Each record below is to be output unchanged, and any picture is to be dropped.

[Data provided Boundary: Start]

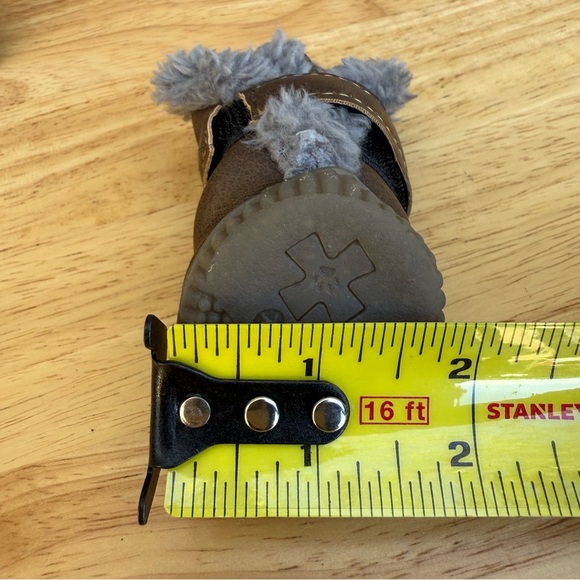 Brown Dog Boots with Gray Fur Trim - Picture 8 of 11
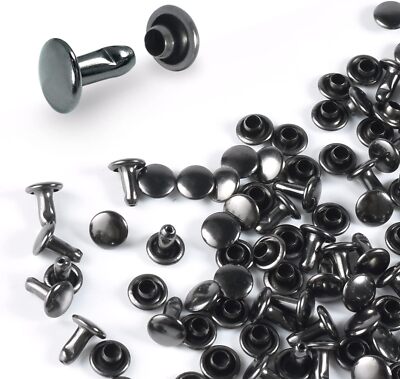 200Sets Leather Rivets 6mm Double Cap Rivets Tubular Metal Studs Leather Riv...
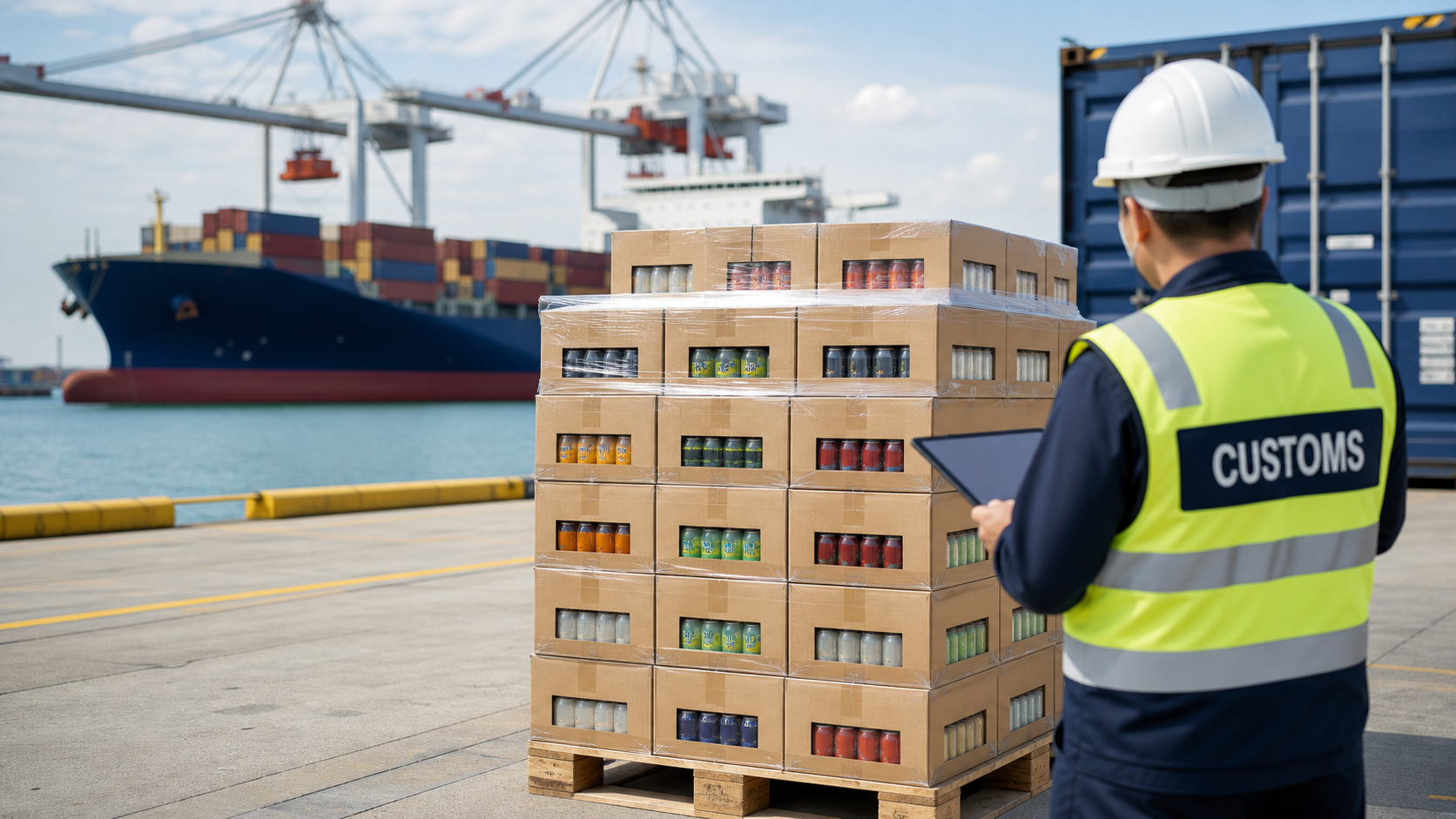 Beverage pallets at Port of Rotterdam customs inspection area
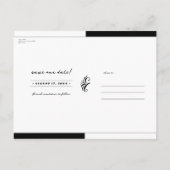 Rood & Zwart Wit Rozen Skelet Save the Date Aankondigingskaart (Achterkant)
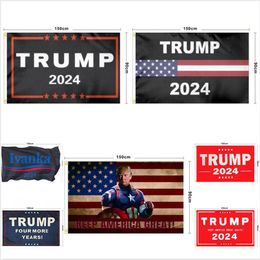 Newest 90*150cm Trump Flag 2024 America Election Polyester Digital Print Flags Keep America Great Again Ivanka Decor Banner LJJP822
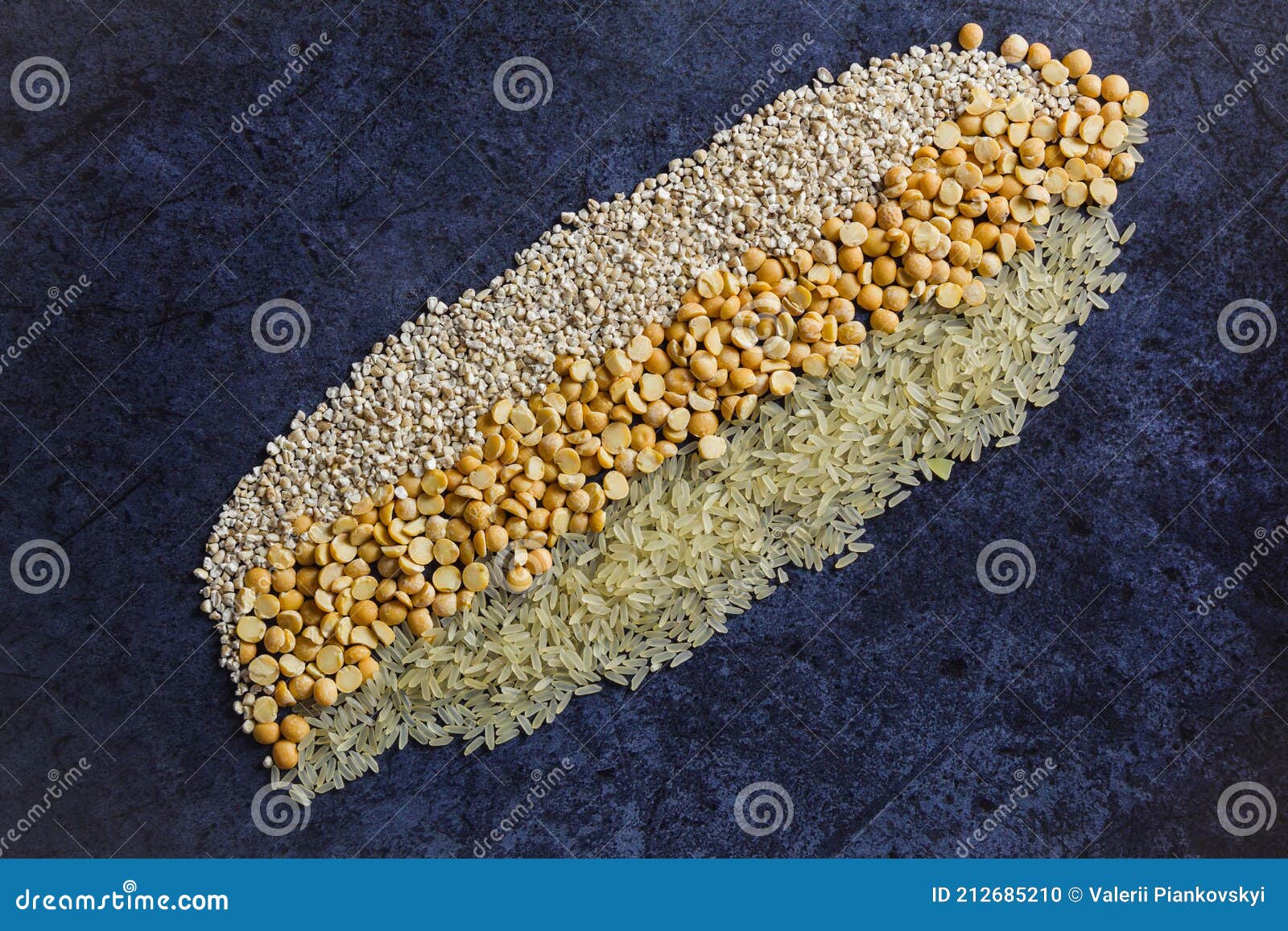 Raw Carbohydrates Cereals on Blue Background Stock Photo Image of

[Data provided Boundary: End]

**Exercise response:**
 Brown Dog Boots with Gray Fur Trim - Picture 8 of 11
 200Sets Leather Rivets 6mm Double Cap Rivets Tubular Metal Studs Leather Riv...
 Beverage pallets at Port of Rotterdam customs inspection area
 Rood & Zwart Wit Rozen Skelet Save the Date Aankondigingskaart (Achterkant)
 Newest 90*150cm Trump Flag 2024 America Election Polyester Digital Print Flags Keep America Great Again Ivanka Decor Banner LJJP822
 Raw Carbohydrates Cereals on Blue Background Stock Photo Image of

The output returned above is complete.